In recentposts, I explored how LLMs can be used to generate structured output from unstructured input. I decided to use this ability to generate tags for posts on this blog automatically with a LLM. I let the LLM read every post and return a list of predefined tags. With PydanticAI, we can easily contrain this list to only contain the tags we have defined.
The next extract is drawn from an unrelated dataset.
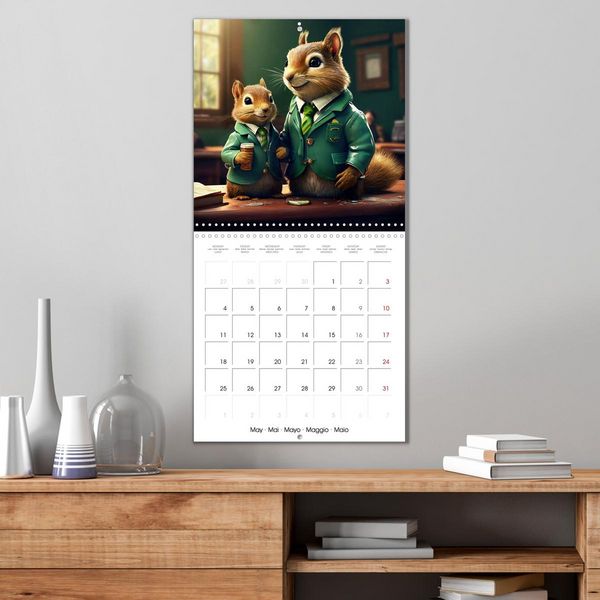 Produktbild: Squirrels Monthly Calendar (Wall Calendar 2026 12 &times; 12 Inch) CALVENDO 12 Month Wall Calendar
If we don’t do that, models tend to invent all sorts of specific tags, but we only want broad categories.
We use a local model once again, Mistral-Small-3.2-24B-Instruct-2506-IQ4_XS. This model is rather large compared to what we used previously, so I cannot use a lot of context on my 16 GB GPU VRAM, but I managed to squeeze 24000 token by quantizing the KV cache with the options --cache-type-k q8_0 and --cache-type-v q8_0 for the llama-server of llama.cpp. Mistral-Small-3.2-24B-Instruct-2506-IQ4_XS works better here than Qwen-2.5-coder-7b-instruct-Q8_0 that we had used previously to great success. The smaller Qwen model can also handle this task, but it tends to miss tags that are applicable, while Mistral finds more tags that match the post. Even so, we combine three Mistral calls to get more tags per post.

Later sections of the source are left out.